Gas is now regularly imported but it is feared relying on supplies from Norway, Russia and Algeria leaves the country vulnerable.

Mr Hindle, speaking when the initial planning applications were submitted, said: "It's in the national interest that we create more gas storage to ensure security of supply and lower bills for homes and businesses."

Currently the storage capacity in the UK is around four billion cubic metres - which would last just 14 days in the event of a supply disruption.

Portland Gas estimates that if all proposed gas storage projects do go ahead - including the Portland facility - that volume would increase to around 10bn cubic metres.

It says the new underground facility, if it gets the go-ahead, would supply five per cent of the United Kingdom's total gas demand.

The plans would serve all demand in Dorset, Poole and Bournemouth, 64 per cent of demand in Exeter and east Devon and 37 per cent of demand in Southampton and west Hampshire.

A 62-page report looking at the issue of need for the Portland development is going before Dorset County Council planners on Friday.

The package involves proposals in North Dorset, West Dorset and Weymouth and Portland but the district and borough councils have given the county council delegated authority to deal with them.

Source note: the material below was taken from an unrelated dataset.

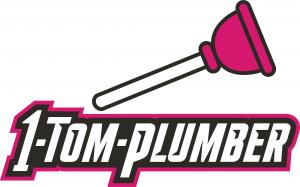 1-Tom-Plumber Gwinnett County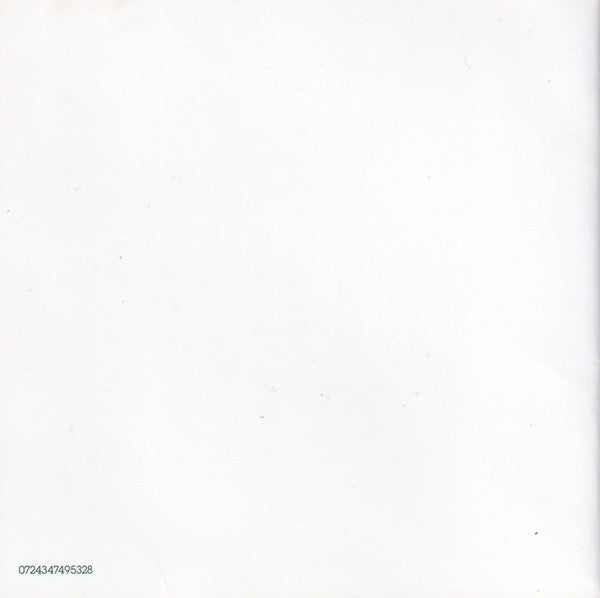 dirty-words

The huge storage caverns would be formed in salt beds in the Sherwood Sandstones by injecting seawater to dissolve the mineral salt.

Gas would be taken from Mappowder via the pipeline - including a five-mile offshore section across Weymouth bay - and stored on Portland and returned as required by users.

A proposal also exists for a separate brine pipeline to run alongside the main pipeline from Portland to West Stafford.

The 11-mile glass-reinforced plastic pipeline would carry a more diluted form of brine, providing a 'cushion' to maintain internal pressures. Other developments associated with the proposed facility include a brine wellsite in open farmland at West Stafford, temporary pipe storage areas at Mappowder and Broadmayne, and a block valve station at Osmington.

Storage in salt caverns is long established, with the first facilities becoming operational in the early 1960s and around 60 currently operational around the world.

County council planners are likely to need assurances the pipeline would not damage parts of the Heritage Coast and archaeological sites along the 23-mile route.